Our code is mainly developed and tested on Ascend 910 platforms with MindSpore framework. The compatible framework versions that are well-tested are listed as follows.
Ascend | MindSpore | CANN | driver | Python | MindONE |
---|---|---|---|---|---|
910 | 2.0 | 6.3 RC1 | 23.0.rc1 | 3.7.16 | master (4c33849) |
910 | 2.1 | 6.3 RC2 | 23.0.rc2 | 3.9.18 | master (4c33849) |
910* | 2.2.1 (20231124) | 7.1 | 23.0.rc3.6 | 3.7.16 | master (4c33849) |
For detailed instructions to install CANN and MindSpore, please refer to the official webpage MindSpore Installation.
Note: Running on other platforms (such as GPUs) and MindSpore versions may not be reliable.
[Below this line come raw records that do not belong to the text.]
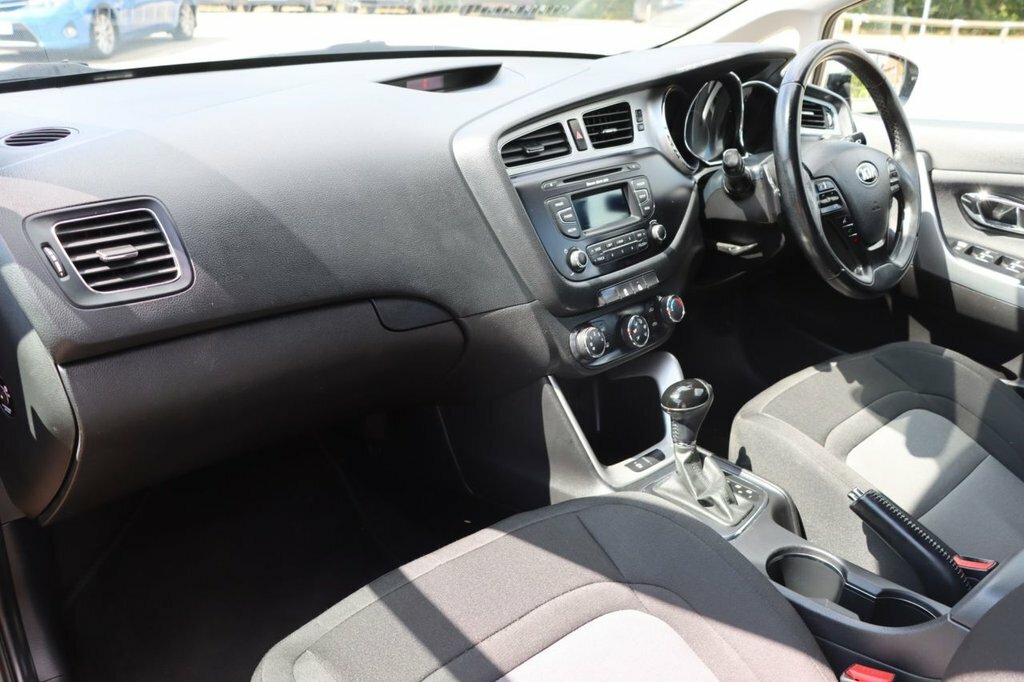 Kia Ceed 1.6 Crdi Ecodynamics 2 Sportswagon Euro 5 Ss Red #18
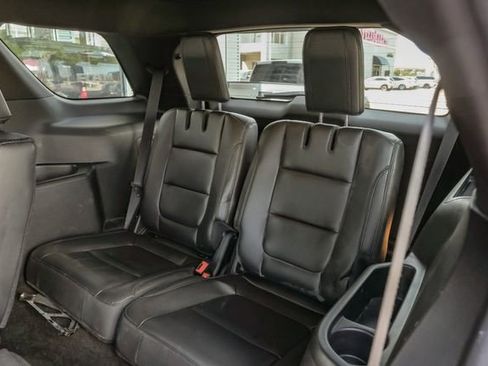 Used 2018 Ford Explorer XLT w/ Equipment Group 202A image 40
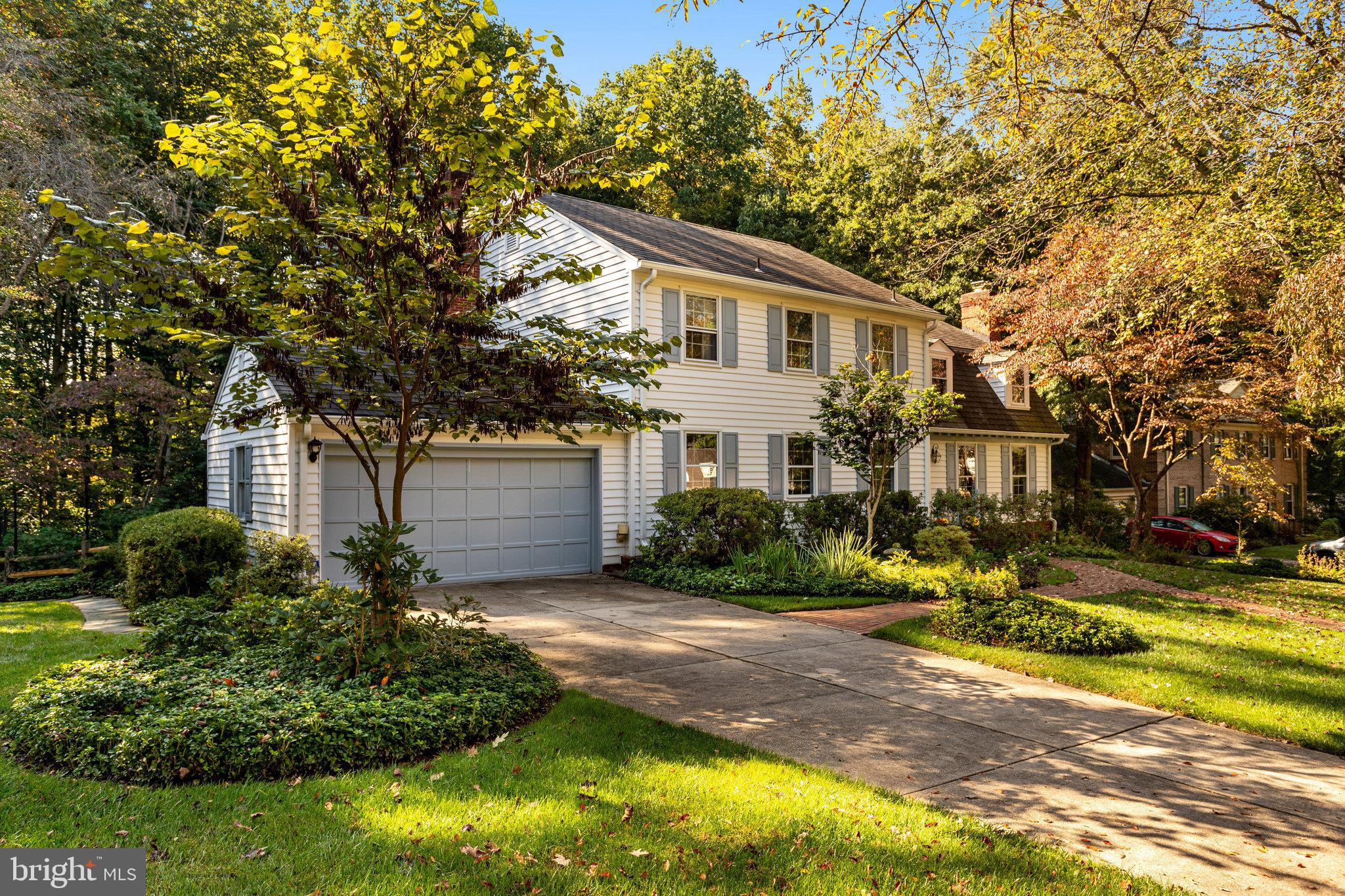 RIVER FALLS - Residential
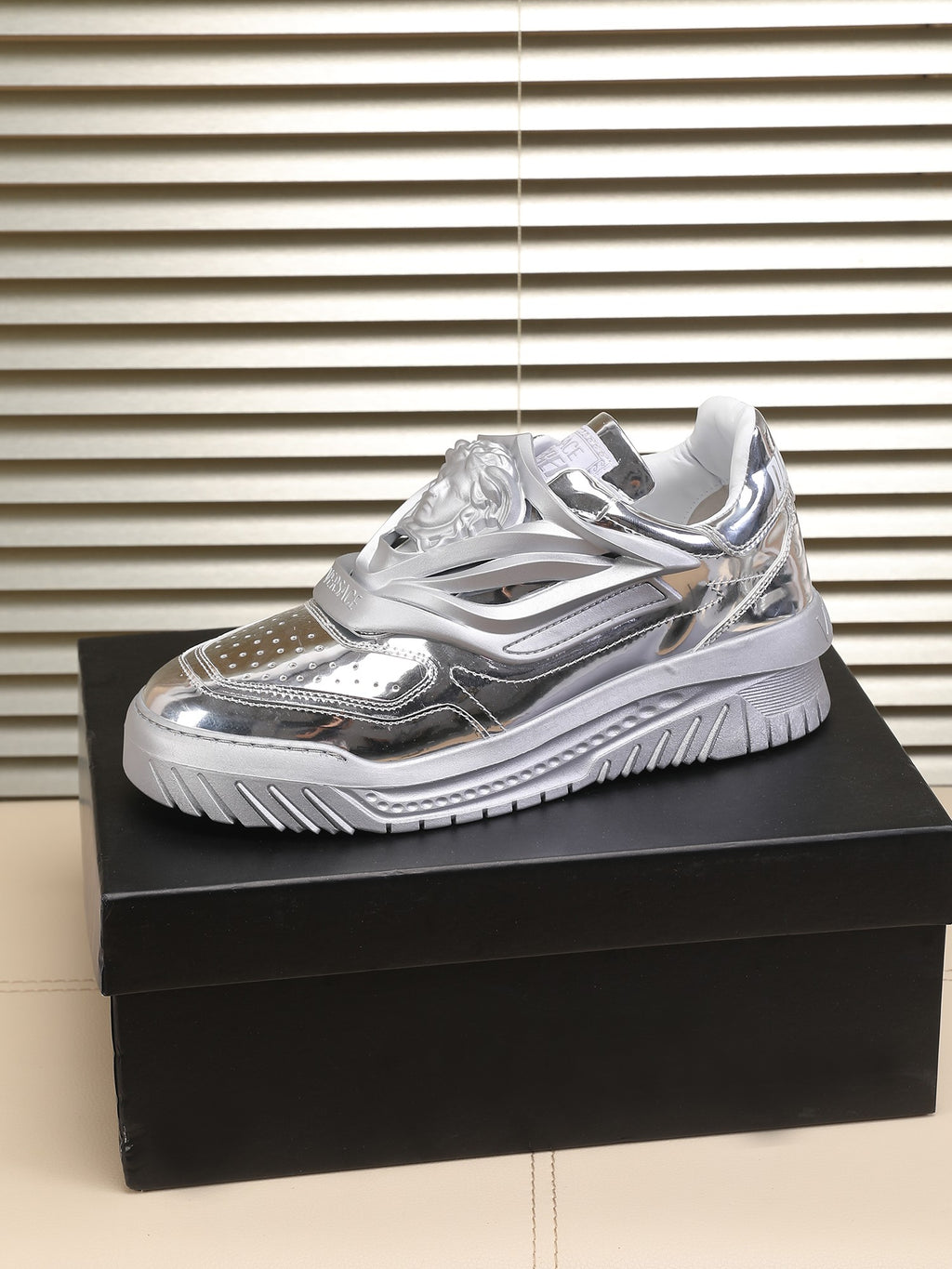 VS Sneakers 1825061911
It's highly recommended to use the verified CANN and MindSpore versions. More compatible versions will be continuously updated.
pip install -r requirements.txt
git clone https://github.com/mindspore-lab/mindone.git
cd mindone/examples/stable_diffusion_v2
This section describes the data format and protocol for diffusion model training.
The text-image pair dataset should be organized as follows.
data_path
├── img1.jpg
├── img2.jpg
├── img3.jpg
└── img_txt.csv
, where img_txt.csv
is the image-caption file annotated in the following format.
dir,text
img1.jpg,a cartoon character with a potted plant on his head
img2.jpg,a drawing of a green pokemon with red eyes
img3.jpg,a red and white ball with an angry look on its face
The first column is the image path related to the data_path
and the second column is the corresponding prompt.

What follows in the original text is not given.